Start of DATA TO EXAMINE

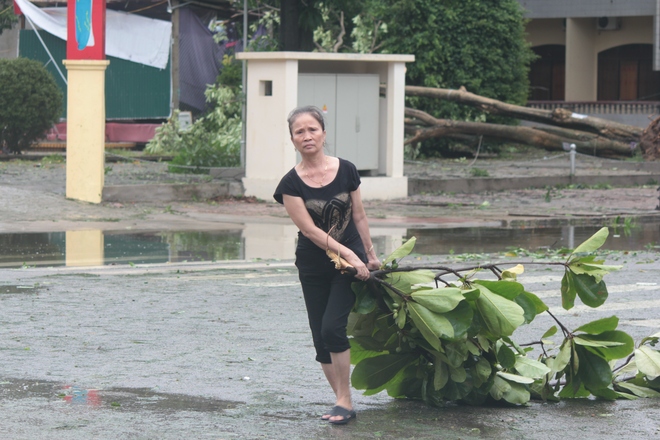 Hình ảnh tan hoang sau cơn bão số 2 ở miền Trung - Ảnh 7.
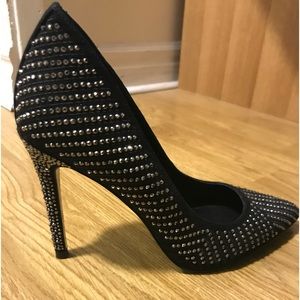 STUNNING!!!! Crystal studded Pumps. Very Rare!!! Size 8.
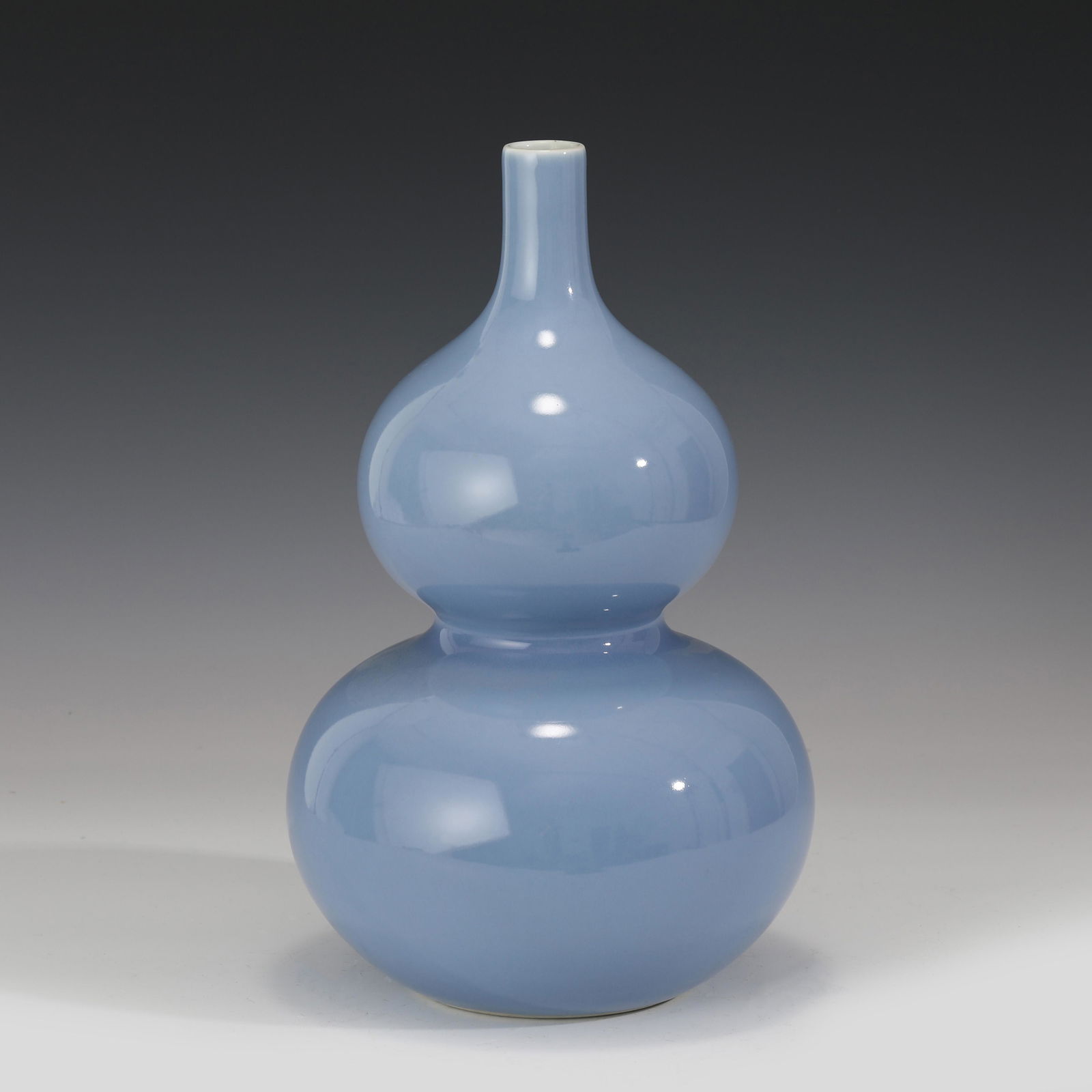 A CHINESE SINGLE COLOR GLAZED PORCELAIN DOUBLE-GOURD VASE (1 of 10)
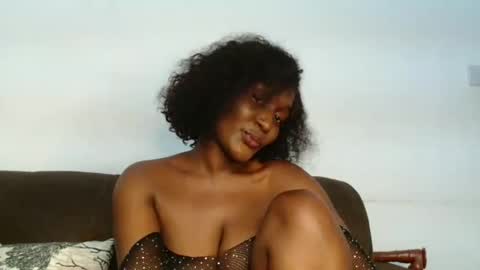 Snapshot of ebony_ghoddes chatting on 09.16.25 ebony online show from 09.16.25
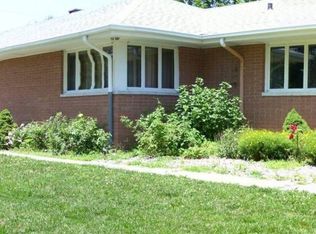 402 Moody Dr, Hamburg, IA 51640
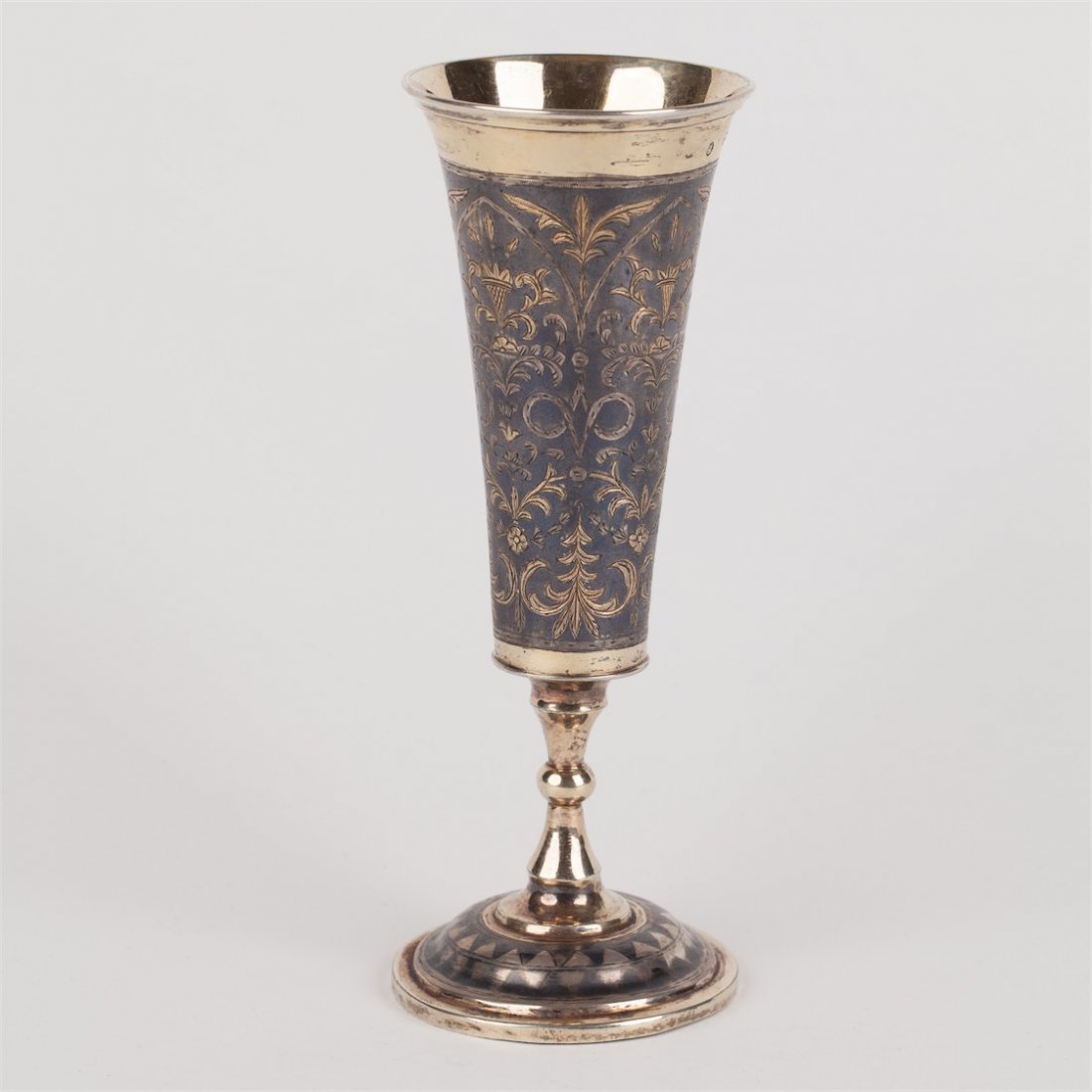 Pokal with floral decor. Moscow, 1834. — image 2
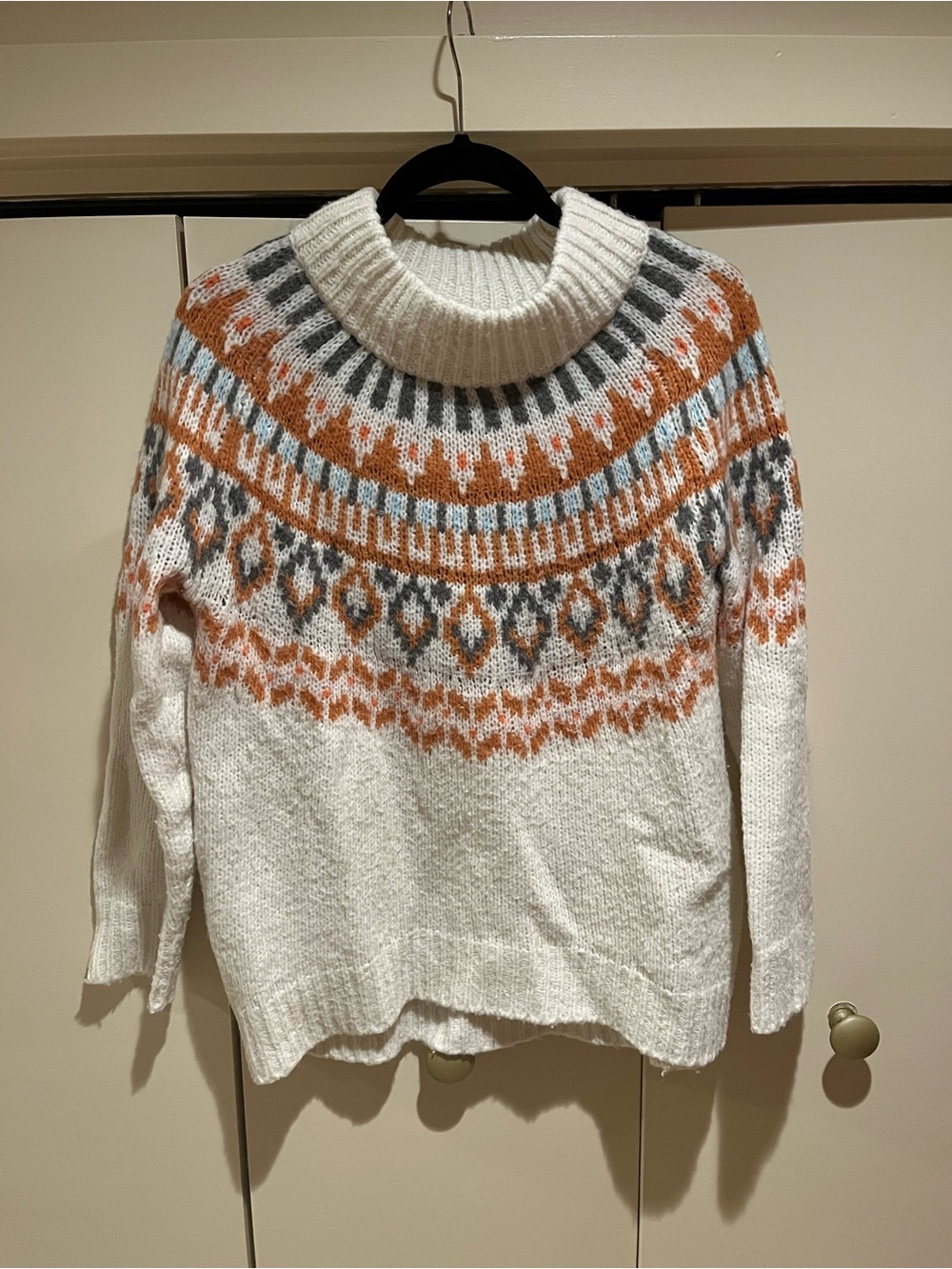 aerie Cream Fair Isle Turtleneck Sweater with Rust & Light Blue Accents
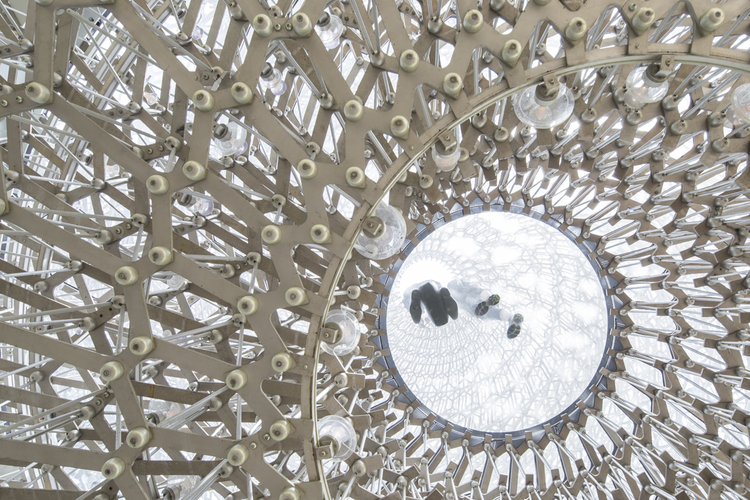 Wolfgang Buttress’ bee-inspired Pavilion moved to Kew Gardens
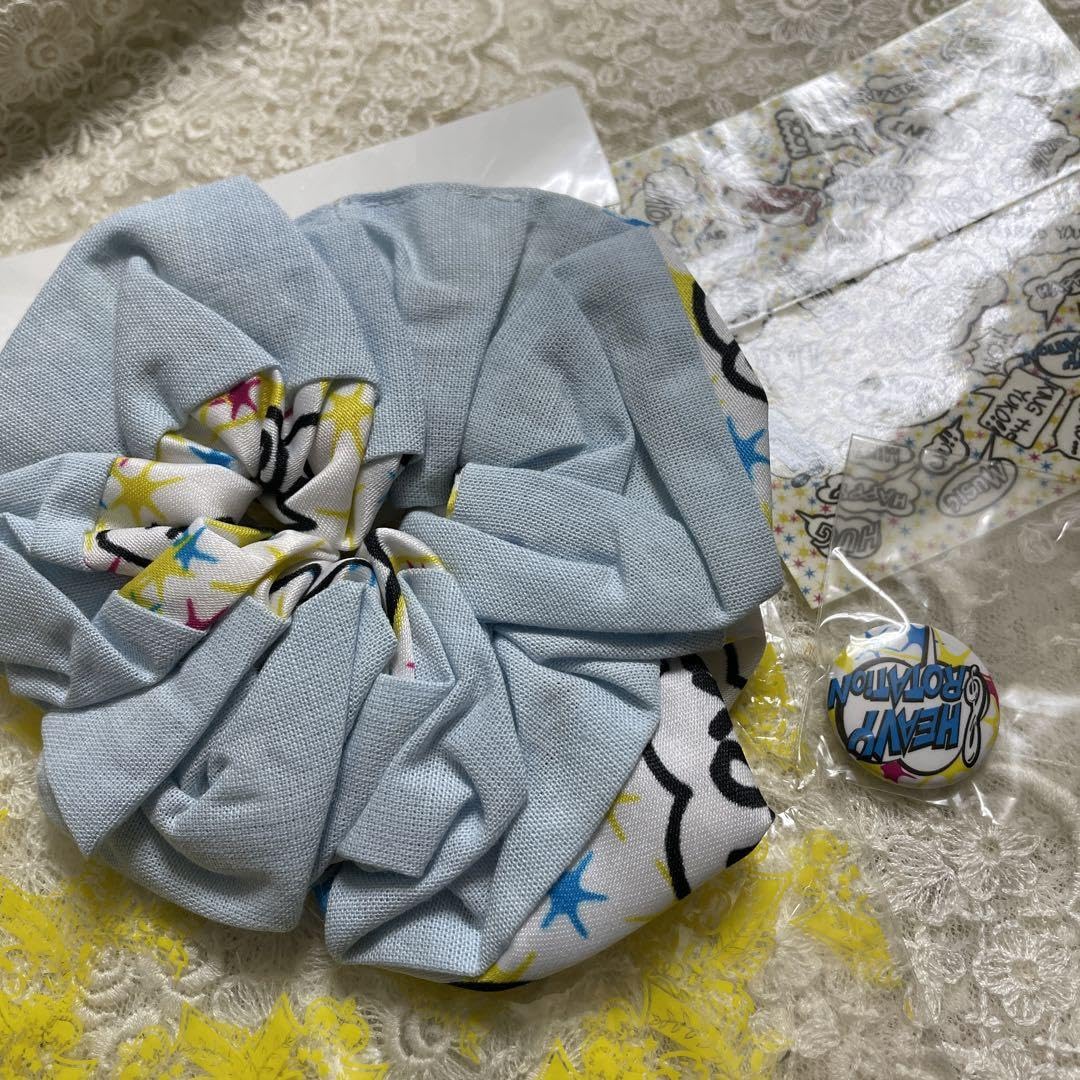 Amazon.co.jp: AKB48公式グッズ 衣装生地で作られたシュシュ バッジ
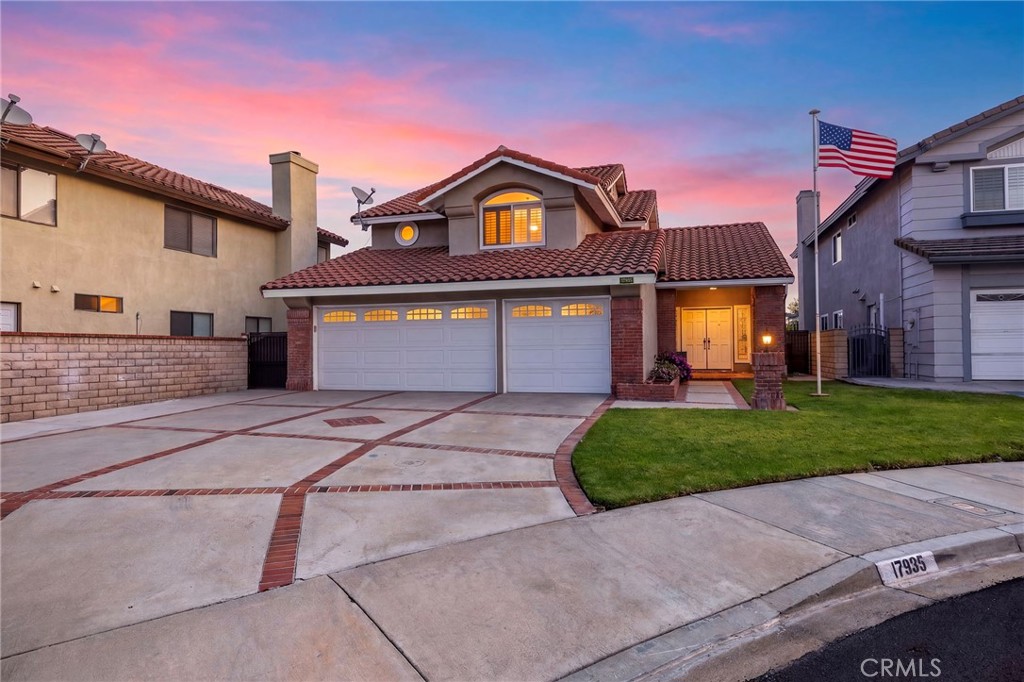 17935 Via Casitas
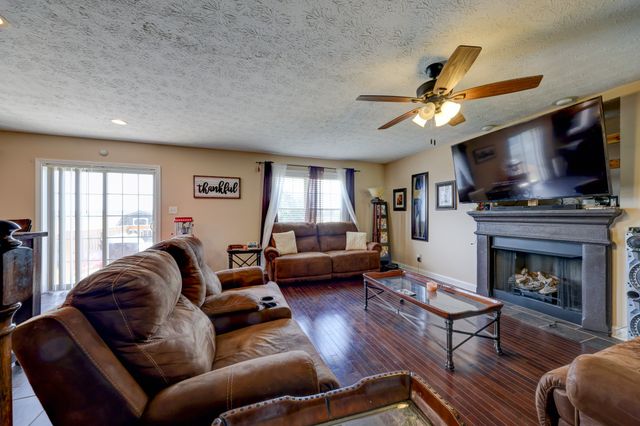 2468 Andersonville Dr, Clarksville, TN 37042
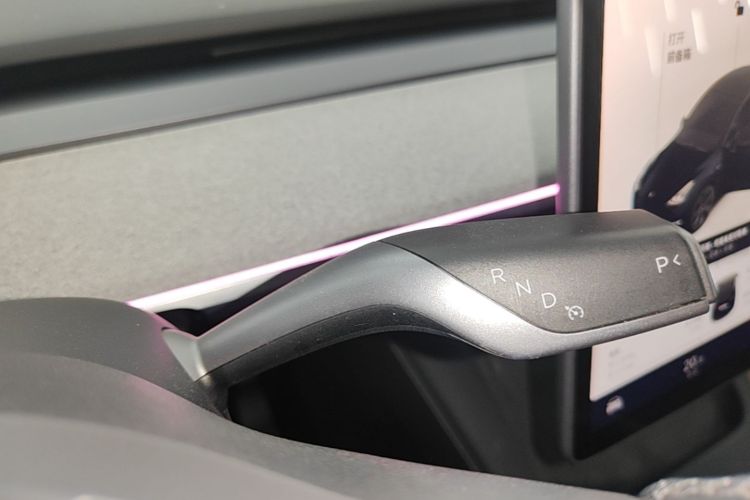 Tesla Model Y 2024 #14 Tesla Model Y 2024 car image #14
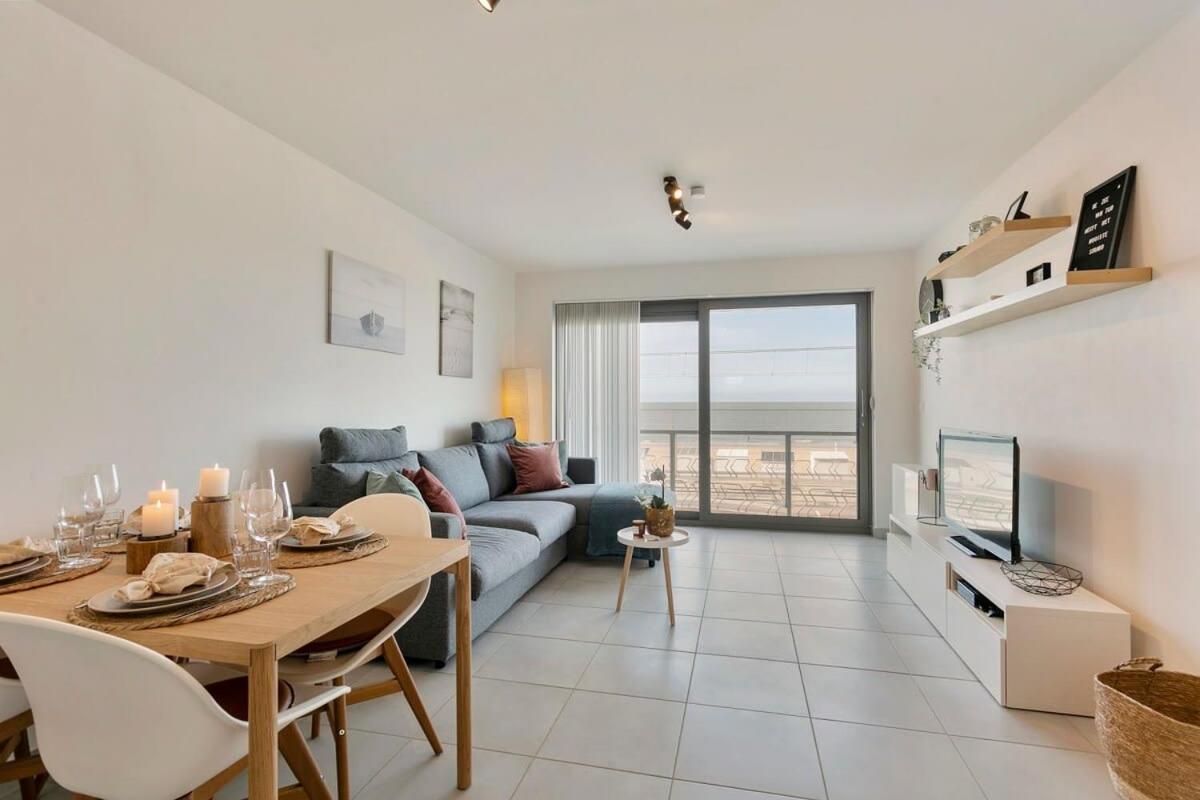 Huswell - Cosy Apartment With Amazing Beach View Ostenda Esterno foto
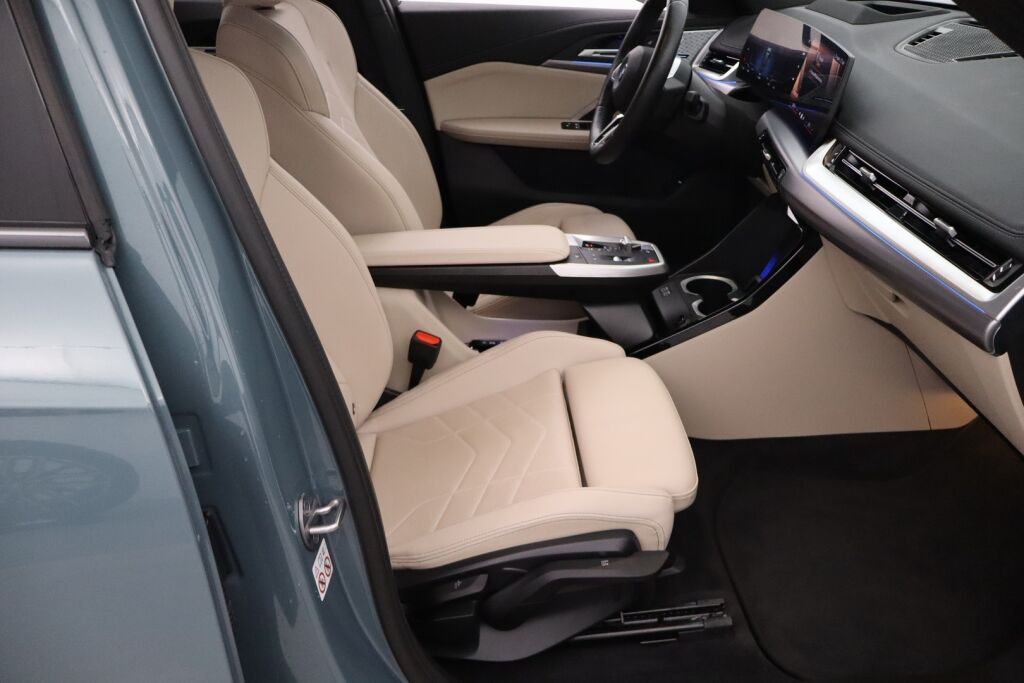 BMW iX1 2024 U11 20 eDrive Charged Edition / M-Sport / Tehdastakuu / Driving Assistant Professional / HUD / koukku / H&K / 360° /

End of DATA TO EXAMINE

» YOUR TASK
Retype the records verbatim, excluding each image they hold.

» RESULT
 Hình ảnh tan hoang sau cơn bão số 2 ở miền Trung - Ảnh 7.
 STUNNING!!!! Crystal studded Pumps. Very Rare!!! Size 8.
 A CHINESE SINGLE COLOR GLAZED PORCELAIN DOUBLE-GOURD VASE (1 of 10)
 Snapshot of ebony_ghoddes chatting on 09.16.25 ebony online show from 09.16.25
 402 Moody Dr, Hamburg, IA 51640
 Pokal with floral decor. Moscow, 1834. — image 2
 aerie Cream Fair Isle Turtleneck Sweater with Rust & Light Blue Accents
 Wolfgang Buttress’ bee-inspired Pavilion moved to Kew Gardens
 Amazon.co.jp: AKB48公式グッズ 衣装生地で作られたシュシュ バッジ
 17935 Via Casitas
 2468 Andersonville Dr, Clarksville, TN 37042
 Tesla Model Y 2024 #14 Tesla Model Y 2024 car image #14
 Huswell - Cosy Apartment With Amazing Beach View Ostenda Esterno foto
 BMW iX1 2024 U11 20 eDrive Charged Edition / M-Sport / Tehdastakuu / Driving Assistant Professional / HUD / koukku / H&K / 360° /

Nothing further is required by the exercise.